(NaturalNews) Cancer is currently responsible for 20,000 deaths per day across the world, or 7.6 million people a year, according to a new report published by the American Cancer Society. In addition, 12 million people are diagnosed with some form of cancer every year.
The report, titled "Global Cancer Facts and Figures 2007" is based on data from the International Agency for Research on Cancer and compares the rates of different cancers between the developed and less developed world.
Of the anticipated 7.6 million cancer deaths in 2008, 2.9 million are expected in the developed world, while 4.7 are expected to occur in less developed countries. Approximately 5.4 million new cancer cases are expected in developed countries, and 6.7 million in those less developed.
The report notes that the most common cancers vary between the developed and less developed world. In developed countries, breast, colorectal and lung cancer are the most common forms of the disease in women. While breast cancer is still number one in the less developed world, it is followed by cervical and stomach cancer. Among men, prostate, lung and colorectal cancers are most common in the developed world. In the less developed world, the most common cancers are of the stomach, lungs and liver.
Cancers caused by infection are much more common in the less developed world, accounting for 26 percents of cancers as opposed to 8 percent in the developed world.
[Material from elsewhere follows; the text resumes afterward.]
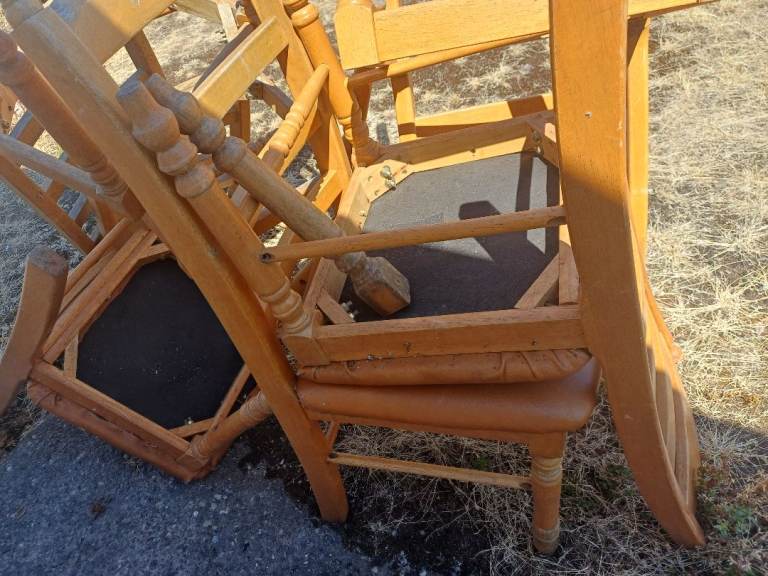 Free chairs 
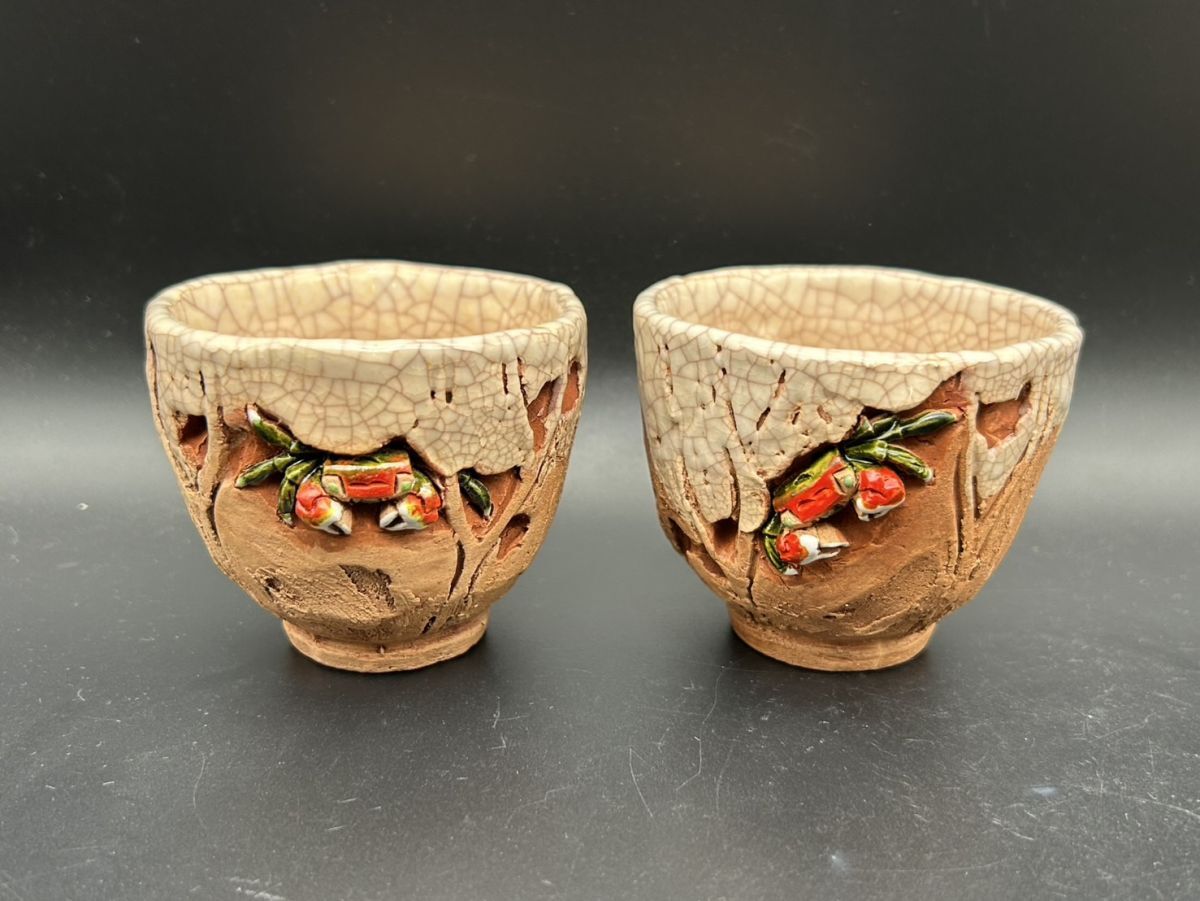 大人気定番商品 湯呑み 楽山焼 まとめて5点 煎茶 細密浮彫 二六焼 天神蟹彫 カニ 工芸品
These infections include the bacterium Helicobacter pylori, which can cause stomach cancer, and the human papillomavirus (HPV), which can cause cervical cancer.
Survival rates also differ, in particular among children. In Europe and North America, 75 percent of children with cancer live at least five years, while in Central America the figure is only 48 to 62 percent.
The report said that cancer rates and mortality are expected to rise in the less developed world as those regions increasingly adopt a lifestyle similar to that of developed nations, including "cigarette smoking, higher consumption of saturated fat and calorie-dense foods, and reduced physical activity."